**WORK REQUEST:** Although the data below contains pictures, output only the lines between those holding "Lineman Electrician Hero" and "thumbnail image 4", inclusive, exactly and without those pictures.
┌──
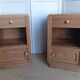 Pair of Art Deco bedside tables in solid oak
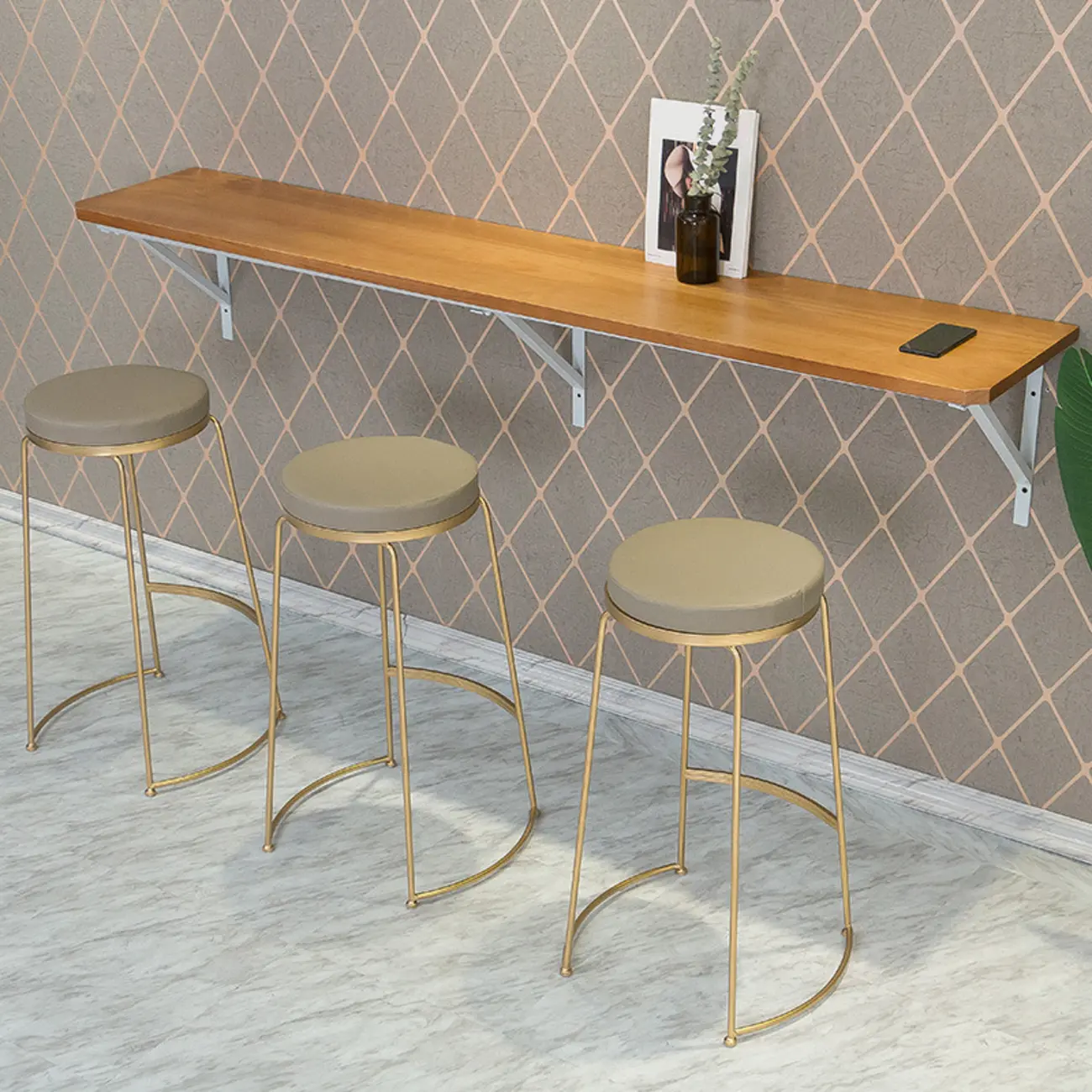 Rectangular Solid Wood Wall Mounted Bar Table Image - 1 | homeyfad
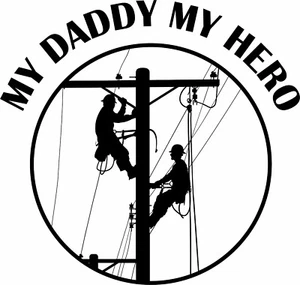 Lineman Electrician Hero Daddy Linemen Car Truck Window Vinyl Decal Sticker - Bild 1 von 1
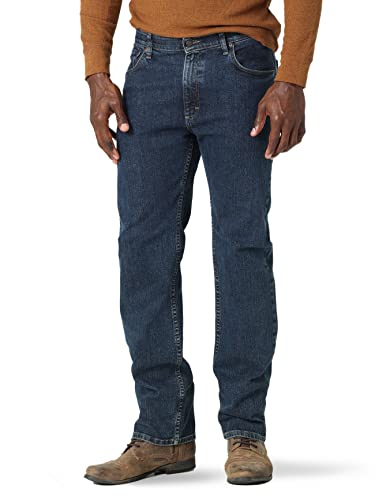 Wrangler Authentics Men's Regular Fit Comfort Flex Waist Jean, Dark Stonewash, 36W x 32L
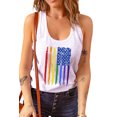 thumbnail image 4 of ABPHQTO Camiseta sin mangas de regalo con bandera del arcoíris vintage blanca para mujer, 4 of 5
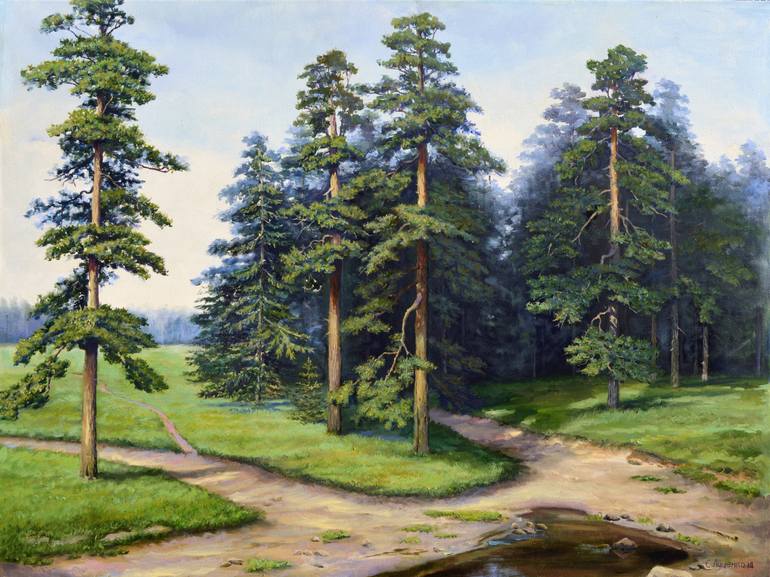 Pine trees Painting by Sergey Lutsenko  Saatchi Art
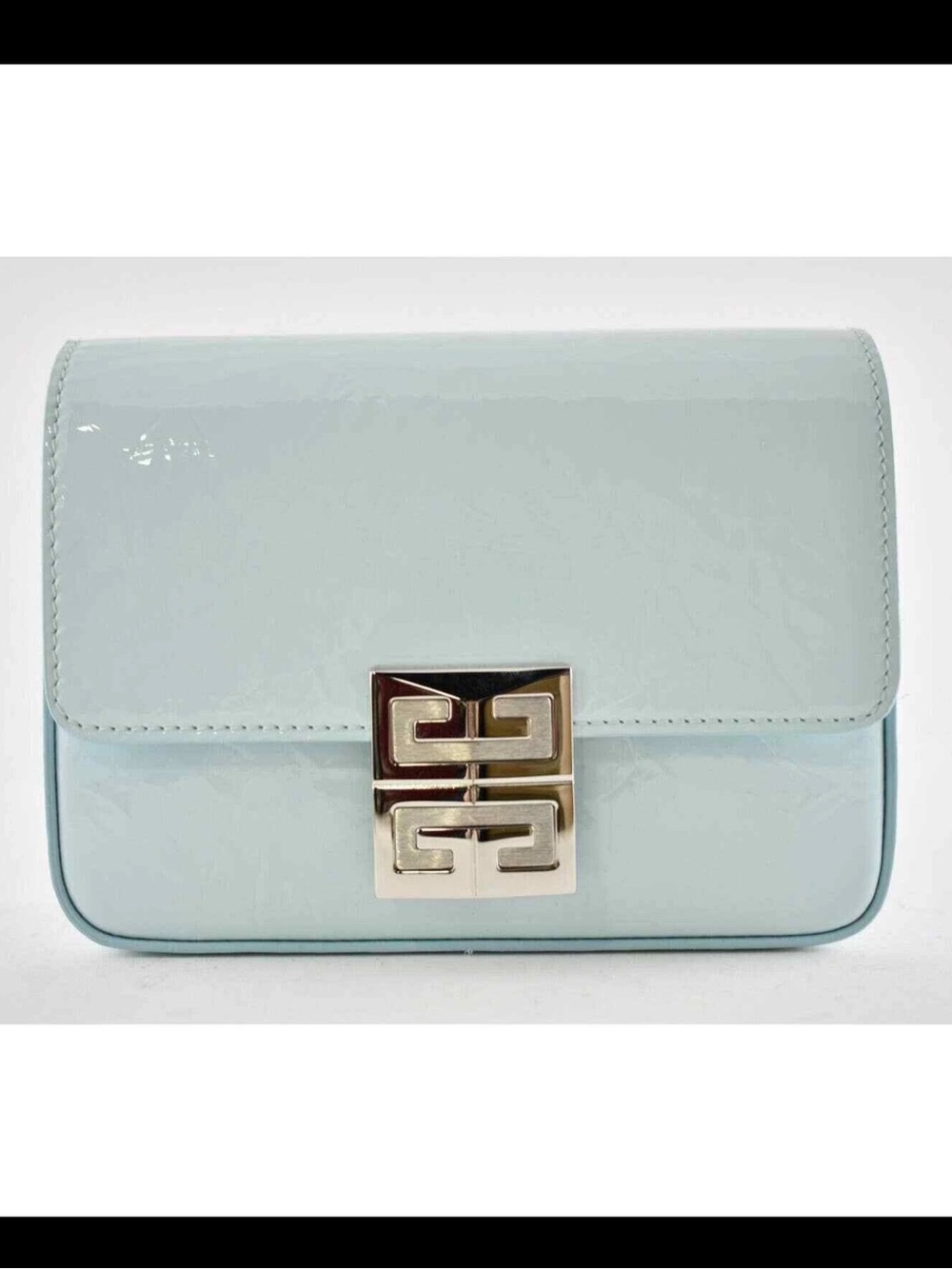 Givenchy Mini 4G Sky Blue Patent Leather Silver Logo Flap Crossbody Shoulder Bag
└──
**SOLUTION TO THE EXERCISE:**
 Lineman Electrician Hero Daddy Linemen Car Truck Window Vinyl Decal Sticker - Bild 1 von 1
 Wrangler Authentics Men's Regular Fit Comfort Flex Waist Jean, Dark Stonewash, 36W x 32L
 thumbnail image 4 of ABPHQTO Camiseta sin mangas de regalo con bandera del arcoíris vintage blanca para mujer, 4 of 5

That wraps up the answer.